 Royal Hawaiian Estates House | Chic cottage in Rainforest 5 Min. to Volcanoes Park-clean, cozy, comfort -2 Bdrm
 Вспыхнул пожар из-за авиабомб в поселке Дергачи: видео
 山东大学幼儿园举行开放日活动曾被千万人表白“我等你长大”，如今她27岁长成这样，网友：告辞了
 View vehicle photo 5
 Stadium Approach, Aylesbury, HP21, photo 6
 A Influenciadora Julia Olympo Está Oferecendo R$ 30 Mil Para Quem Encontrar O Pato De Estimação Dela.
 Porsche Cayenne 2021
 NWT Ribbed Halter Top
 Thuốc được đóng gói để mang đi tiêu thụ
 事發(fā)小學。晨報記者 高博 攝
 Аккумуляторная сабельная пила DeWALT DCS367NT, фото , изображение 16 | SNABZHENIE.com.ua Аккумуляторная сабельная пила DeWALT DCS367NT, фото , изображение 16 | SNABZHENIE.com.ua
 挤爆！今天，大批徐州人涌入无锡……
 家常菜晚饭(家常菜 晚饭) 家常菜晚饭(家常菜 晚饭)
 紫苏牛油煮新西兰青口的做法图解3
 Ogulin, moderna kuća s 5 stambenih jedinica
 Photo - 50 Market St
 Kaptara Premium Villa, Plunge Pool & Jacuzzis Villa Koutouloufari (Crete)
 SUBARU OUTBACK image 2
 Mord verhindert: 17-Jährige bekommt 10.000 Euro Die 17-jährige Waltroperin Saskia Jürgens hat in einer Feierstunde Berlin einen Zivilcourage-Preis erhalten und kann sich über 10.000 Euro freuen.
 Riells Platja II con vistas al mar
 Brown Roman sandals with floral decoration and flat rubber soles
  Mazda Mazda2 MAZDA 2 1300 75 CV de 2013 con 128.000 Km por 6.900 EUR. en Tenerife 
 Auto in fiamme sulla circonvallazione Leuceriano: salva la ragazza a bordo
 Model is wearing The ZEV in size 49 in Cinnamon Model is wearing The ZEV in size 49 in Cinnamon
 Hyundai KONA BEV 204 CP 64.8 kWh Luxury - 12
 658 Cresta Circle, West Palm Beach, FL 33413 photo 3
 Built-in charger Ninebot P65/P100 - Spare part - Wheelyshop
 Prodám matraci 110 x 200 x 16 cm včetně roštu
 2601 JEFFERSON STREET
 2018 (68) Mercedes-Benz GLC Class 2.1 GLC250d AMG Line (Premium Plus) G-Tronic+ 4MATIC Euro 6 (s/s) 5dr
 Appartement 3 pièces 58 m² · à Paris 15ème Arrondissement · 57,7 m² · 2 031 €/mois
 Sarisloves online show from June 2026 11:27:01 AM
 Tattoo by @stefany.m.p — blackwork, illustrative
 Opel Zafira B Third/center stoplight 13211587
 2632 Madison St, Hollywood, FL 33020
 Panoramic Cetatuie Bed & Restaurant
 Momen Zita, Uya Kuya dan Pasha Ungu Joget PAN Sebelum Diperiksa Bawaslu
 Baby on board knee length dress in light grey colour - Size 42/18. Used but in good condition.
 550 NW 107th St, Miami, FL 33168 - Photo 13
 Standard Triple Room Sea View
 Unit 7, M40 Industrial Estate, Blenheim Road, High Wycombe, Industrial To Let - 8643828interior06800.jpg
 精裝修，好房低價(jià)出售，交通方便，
┄┄┄┄┄┄┄┄┄┄┄┄┄┄┄┄┄┄┄┄
• Your objective:
The reply should consist only of the line containing "Standard Triple Room Sea View" and all lines after it in the listing above, reproduced exactly.

• Expected answer:
 Standard Triple Room Sea View
 Unit 7, M40 Industrial Estate, Blenheim Road, High Wycombe, Industrial To Let - 8643828interior06800.jpg
 精裝修，好房低價(jià)出售，交通方便，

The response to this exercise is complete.